GitHub’s Comedy of Errors: The PAT That Opened Pandora’s Box in a Supply Chain Fiasco
Threat actors used a compromised personal access token in December 2024 for a supply chain attack targeting GitHub Actions in March 2025, Palo Alto Networks reports. The attack exposed secrets from 218 repositories, and the attackers cunningly expanded their efforts after an open-source Coinbase project evaded their initial focus.

Hot Take:
Looks like those pesky cyber-villains are at it again, playing a dangerous game of “GitHub Gotcha!” with supply chains. Who knew that Personal Access Tokens (PAT) could be the key to unlocking a Pandora’s Box of digital chaos? I guess the moral of the story is to keep your PATs safer than you would your grandma’s secret apple pie recipe!
Key Points:
- Threat actors used a compromised Personal Access Token (PAT) from December 2024 to execute a March 2025 supply chain attack on GitHub Actions.
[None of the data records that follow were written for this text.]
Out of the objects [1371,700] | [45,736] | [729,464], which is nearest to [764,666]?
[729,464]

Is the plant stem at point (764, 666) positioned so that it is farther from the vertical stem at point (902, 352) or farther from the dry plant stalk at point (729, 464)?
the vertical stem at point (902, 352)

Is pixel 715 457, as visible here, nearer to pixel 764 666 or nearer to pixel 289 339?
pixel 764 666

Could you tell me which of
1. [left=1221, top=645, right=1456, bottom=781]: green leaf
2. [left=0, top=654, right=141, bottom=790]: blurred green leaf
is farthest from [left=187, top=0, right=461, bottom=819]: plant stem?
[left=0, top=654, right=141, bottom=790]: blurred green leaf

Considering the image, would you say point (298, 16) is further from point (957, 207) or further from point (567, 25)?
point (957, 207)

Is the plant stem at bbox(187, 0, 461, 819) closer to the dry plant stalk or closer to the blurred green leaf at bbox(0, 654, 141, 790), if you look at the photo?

- Malicious code was injected into the tj-actions/changed-files GitHub action, potentially compromising 160,000 projects, though only 218 repositories exposed secrets.
- The attack began with the theft of a PAT from a SpotBugs maintainer due to a malicious pull request exploiting GitHub Actions workflow.
- Once inside, the attackers invited a malicious user, gained write access, and leaked secrets using advanced encryption techniques.
- This cascading attack impacted numerous GitHub workflows, including a significant incident involving a Coinbase project.